A Shrinking Distinction? Card Present vs. Card Not Present

I'll admit to having been over-focused, even somewhat obsessed, on what I've considered to be the high cost difference between card present and card not present transaction rates.  After all, the difference on some interchange tables is over 100 basis points, a full percentage and more of cost.  Even Square employs an up-charge when card data is entered via the keyboard, 3.50% instead of its 2.75%, a 75 basis point delta.  

Ouch.  That has to hurt, right? It has to inhibit e-commerce and mobile transactions?  Based on e-commerce sales this year, not so much.  And there are far bigger accelerants in play.  The CNP problem may not be as big as I'd thought.

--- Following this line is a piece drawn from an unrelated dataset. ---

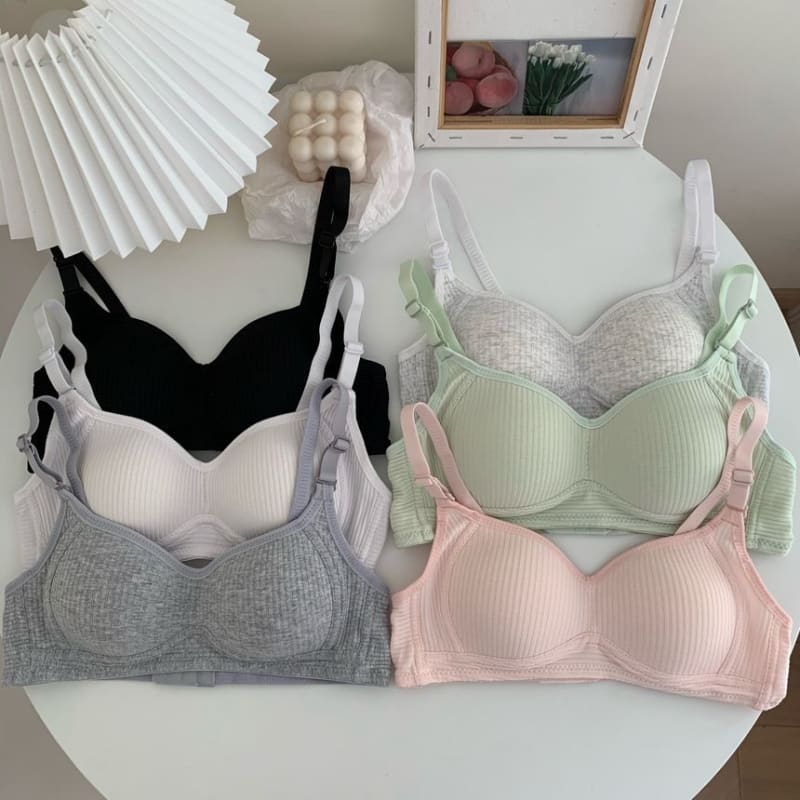 Plain Wireless Bra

To put it into Maslovian terms, the hierarchy of merchant needs does not begin or end with payment cost.  The nearly entire pyramid of need is about increasing sales.  While transaction costs impact cost of goods sold and the price to the customer (bow to Walmart), a method of increasing sales volume comes out ahead of a 30, 40 or even 75 basis point cost, the typical range for many merchant categories.  It's just a few cents on a $100 sale.    

When you're a top e-commerce retailer, those few pennies can add up quickly.  But even  those costs are lost in the noise when compared to merchandise fraud losses.  Unlike their brick-and-mortar card present competitors, e-tailers are not covered for fraud losses simply because the card is not present, a presentation that has long been equivalent to card holder presence.  And while it's rumored that the top dog, Amazon, has managed its fraud down to card present levels, managing those fraud levels matters a whole lot more than the CP v CNP cost delta.

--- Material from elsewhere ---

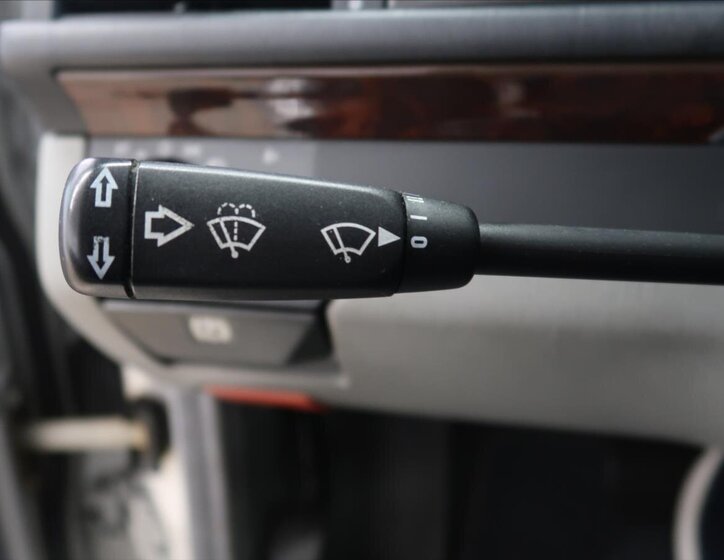 Mercedes-Benz 124 Kupé 3,0 l 162 kw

A lot of innovation and hard work is happening in fraud reduction.  More on that later.

Assuming for the time being that fraud loss management is strong, let's look at the accelerants to increased sales.  A major accelerant is the rise of mobile apps and their use of card-on-file payments.  Despite the fact that these are charged at card-not-present rates, increasing numbers of merchants are more than willing to take on the risks because these apps improve sales.  

Starbucks is, of course, the poster child of that success.  While 25% of its sales are now on its prepaid cards, Starbucks announced at its December 5th investor conference that its mobile channel is now seeing 2.1 million transactions per week from 7 million active mobile users.  Its app not only manages transactions, it supports what Starbucks calls "direct emotional engagement."  Every merchant wants that kind of love.  Mobile apps, when they work well, engender warm feelings if not Starbucks-level passion.  Its integrated Square's mobile payment app, Square Wallet, as yet another mobile payment method to expand that love.

from Starbucks Dec 5 2012 Investor Conference presentation



The convenience of that card-on-file payment, and reload for many, contributes to the appeal.  That's why Dunkin Brands has its own app now for its eponymous Donut shops.  Why Amazon's mobile app is well loved (I'm the only person you'll ever read of who bought a chainsaw at 11 pm from his bed).  And why more brick-and-mortar retailers are looking to apps to drive in-store performance through a either a directly managed card-on-file approach or via a cloud wallet from the likes of PayPal, Google, or Paydiant.

"Direct emotional engagement" trumps a simple piece of plastic.